L2 Weekly Stock Market News Analysis
October 26th, 2025

TLDR:
Inflation cooled:September CPI rose 0.3% MoM and 3.0% YoY, slightly below forecasts. Core inflation also held at 3.0%, keeping the Fed on track for another 25 bps rate cut next week despite the government shutdown — which now threatens to delay October’s inflation report entirely.
Intel earnings mixed: Intel returned to profit ($13.7B revenue, $0.23 EPS) but shares faded as investors focused on debt, execution risks, and questions about its foundry turnaround. The U.S. government’s near-10% equity stake remains a centerpiece of the broader industrial-policy strategy.
Russia sanctions roiled energy: The U.S. imposed new sanctions on Rosneft and Lukoil, restricting financing and trade. Oil prices spiked briefly before easing, while uranium and nuclear-fuel stocks gained on expectations of tighter global supply chains.
Quantum stocks popped: Speculation about U.S. strategic investments in quantum computing and post-quantum security drove small-cap names higher, adding to tech volatility in a week dominated by macro uncertainty and the still-frozen federal government.
The White House Strategic Reserve Is Beating Wall Street
This week, reports surfaced that Washington may be taking equity stakes in quantum-computing firms, marking another expansion of what’s become the best-performing institutional portfolio in the world.
Every disclosed government holding is now up at least +80%, with two nearing +150%. We’ve tracked this policy shift since early August, and Level 2 members have already captured a series of wins from it.
Level 2 Trade Receipts (Strategic-Reserve Theme):
- LAC (equity) 7.53 → 9.50 | +26.2 % (15 days)
- TMQ (equity) 8.93 → 10.60 | +18.7 % (in < 1 day)
- INTC Jan ’26 $25 Calls 3.45 → 7.60 | +120.3 % (34 days)
- INTC (equity) 24.72 → 32.50 | +31.5 % (34 days)
The Strategic Reserve is the working arm of the administration’s February 2025 plan to build a U.S. sovereign wealth fund—not a single mega-pool, but a decentralized, deal-by-deal approach. The goal is to turn industrial policy into a return-generating portfolio that also secures control of key supply chains.

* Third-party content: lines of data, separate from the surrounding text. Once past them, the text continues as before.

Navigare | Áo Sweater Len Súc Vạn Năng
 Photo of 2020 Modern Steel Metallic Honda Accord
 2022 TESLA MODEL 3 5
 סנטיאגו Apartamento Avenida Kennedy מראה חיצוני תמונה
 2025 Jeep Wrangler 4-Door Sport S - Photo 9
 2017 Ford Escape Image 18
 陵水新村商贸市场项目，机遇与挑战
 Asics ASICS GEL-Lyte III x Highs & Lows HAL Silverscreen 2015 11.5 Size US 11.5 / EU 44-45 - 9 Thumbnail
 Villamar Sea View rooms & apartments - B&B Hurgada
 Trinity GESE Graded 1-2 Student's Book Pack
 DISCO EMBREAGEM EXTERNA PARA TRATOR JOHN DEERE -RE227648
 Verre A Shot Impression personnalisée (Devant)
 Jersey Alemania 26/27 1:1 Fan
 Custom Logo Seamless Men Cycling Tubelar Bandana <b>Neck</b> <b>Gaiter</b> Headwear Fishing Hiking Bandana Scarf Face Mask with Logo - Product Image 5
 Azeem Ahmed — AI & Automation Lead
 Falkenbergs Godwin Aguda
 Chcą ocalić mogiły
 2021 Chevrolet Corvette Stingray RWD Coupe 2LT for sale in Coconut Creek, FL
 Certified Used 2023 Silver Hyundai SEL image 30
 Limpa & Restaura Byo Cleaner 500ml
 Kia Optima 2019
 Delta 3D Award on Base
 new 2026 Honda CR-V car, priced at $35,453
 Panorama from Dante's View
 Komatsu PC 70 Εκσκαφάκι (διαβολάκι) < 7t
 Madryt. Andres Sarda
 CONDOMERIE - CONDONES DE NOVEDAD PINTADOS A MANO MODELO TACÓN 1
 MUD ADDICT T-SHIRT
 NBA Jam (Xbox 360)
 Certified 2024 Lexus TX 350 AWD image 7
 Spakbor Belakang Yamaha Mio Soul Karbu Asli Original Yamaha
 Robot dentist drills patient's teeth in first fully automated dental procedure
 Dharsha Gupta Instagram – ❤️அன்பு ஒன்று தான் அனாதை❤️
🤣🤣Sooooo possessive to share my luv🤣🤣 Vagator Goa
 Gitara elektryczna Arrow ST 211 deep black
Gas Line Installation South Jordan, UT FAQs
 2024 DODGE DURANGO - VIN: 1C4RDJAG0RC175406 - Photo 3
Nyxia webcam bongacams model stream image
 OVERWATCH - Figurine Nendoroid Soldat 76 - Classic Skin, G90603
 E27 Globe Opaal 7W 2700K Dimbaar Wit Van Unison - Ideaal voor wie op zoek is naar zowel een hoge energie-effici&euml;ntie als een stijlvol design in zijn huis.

1) Grow federal assets and share the AI upside
A large share of recent GDP growth has come from data-center construction, AI infrastructure, and critical-mineral expansion. Data centers now make up nearly 1% of GDP and over 7% of total fixed investment. Meanwhile, automation will replace some jobs, concentrating gains in capital-intensive sectors.
By taking small equity stakes or long-term offtake rights in projects where public funding already reduces risk — from AI data centers to rare earths, lithium, and copper supply chains — the government can build federal assets and capture part of the upside, rather than simply footing the bill for the transition.
2) Strengthen bargaining power with allies and suppliers
This week’s U.S.–Australia critical-minerals deal shows how Washington is using joint investments to build leverage. The agreement backs Alcoa’s gallium project in Western Australia — expected to produce about 100 tons per year, roughly 10% of global supply — and adds access to germanium, another metal China has restricted.
Both are vital for chips, sensors, quantum tech, and defense systems. By co-financing projects and securing long-term offtake, the U.S. strengthens its bargaining power with allies and manufacturers while expanding non-Chinese supply-chain capacity in mining, refining, and advanced manufacturing.
3) Keep control of critical supply chains
The U.S. is building ownership and long-term supply links across semiconductors, rare earths, lithium, copper, and nuclear fuel to reduce reliance on China, which dominates rare-earth refining and has curbed exports of gallium, germanium, and graphite.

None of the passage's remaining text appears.